Read Rangatira Page 22


  Into smoke shall they consume away …

  I don’t know what to think. I walk off down the beach, trying to escape the wailing voices. Whether this is God’s vengeance or that of Tama-o-hoi, this eruption is a terrible thing. Demons may walk among us now. What will be unleashed next? I need to get back to Hauturu, to stand on the rocks there and look up at my own mountain, the place where our world touches the sky. I feel very far away from it, as far away as I did all those months in England.
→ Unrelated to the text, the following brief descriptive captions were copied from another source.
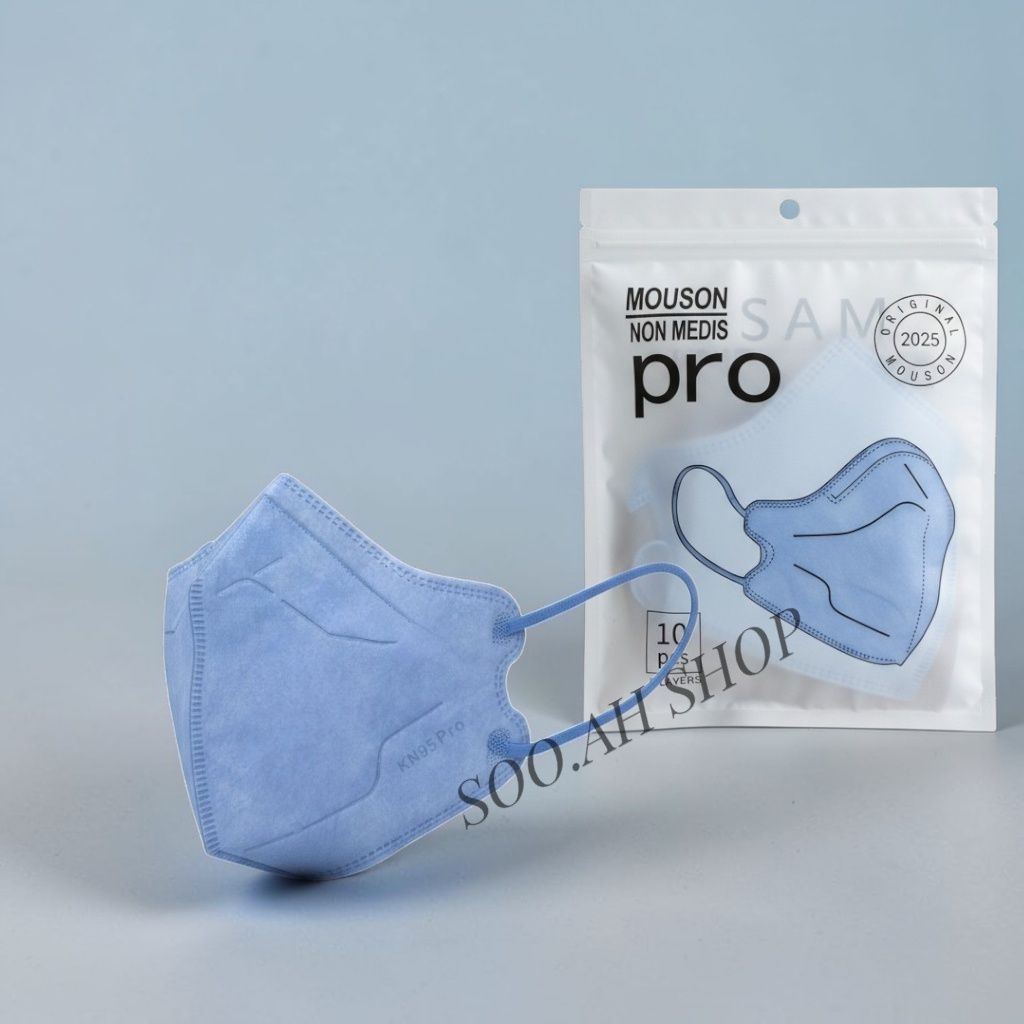 Murah (Paket) Masker KN95 PRO MOUSON EMBOSS 5PLY, 5PACK Isi 50Pcs
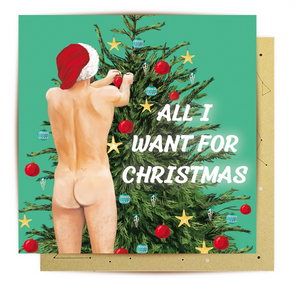 Greeting Card Naked Christmas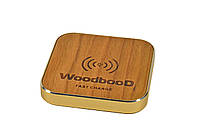 Беспроводная зарядка WoodbooD Wireless Charge Standart Gold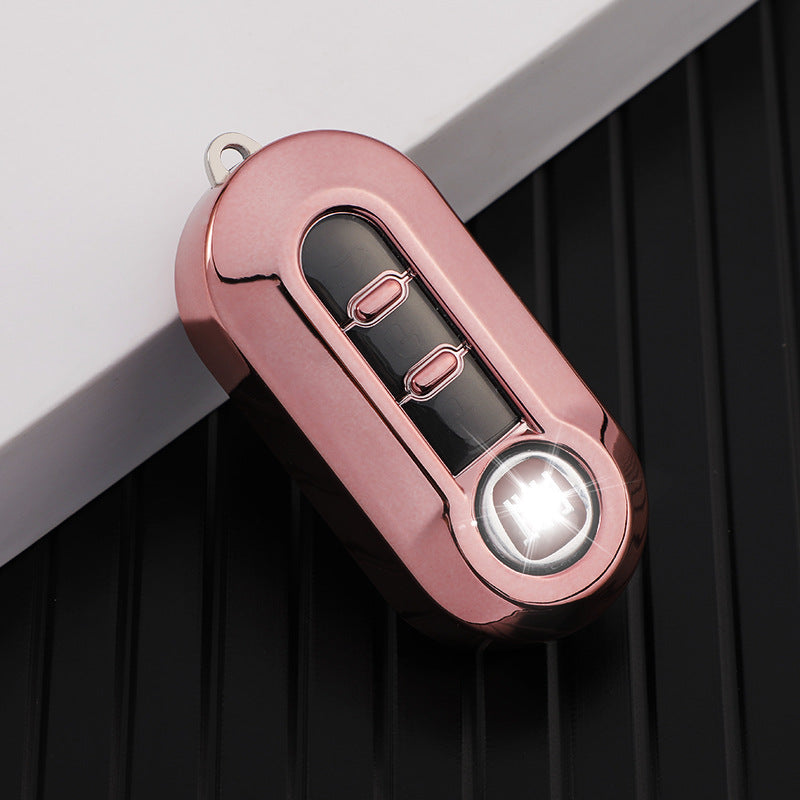 Silicone Key Fob Cover Case for - 3 Button Folding Remote Key Shell Protector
  I sit down with my back against the sea wall and close my eyes, listening to the call of the gulls and the rhythmic lapping of waves. This is the best way for me to go to sleep, and right now I long for the escape of sleep, even if it’s only for a few minutes.

  This is the moment I see it. I’m not a matakite, so this isn’t a vision, and I’m still awake, so it isn’t a dream. But I know that what I see before me is a sign.

  I’m standing on a boat. Hauturu lies in the distance, a deep green, its trees quivering with birds. The wind blows from the east, filling the sails. I want to be ready to clamber onto the rocks as soon as we arrive.

  But the island is receding, not getting closer. I claw at the boat, willing it to turn around, but there’s nothing I can do. We draw further and further away, and I know that however long we sail, however far we sail, we’ll never reach it.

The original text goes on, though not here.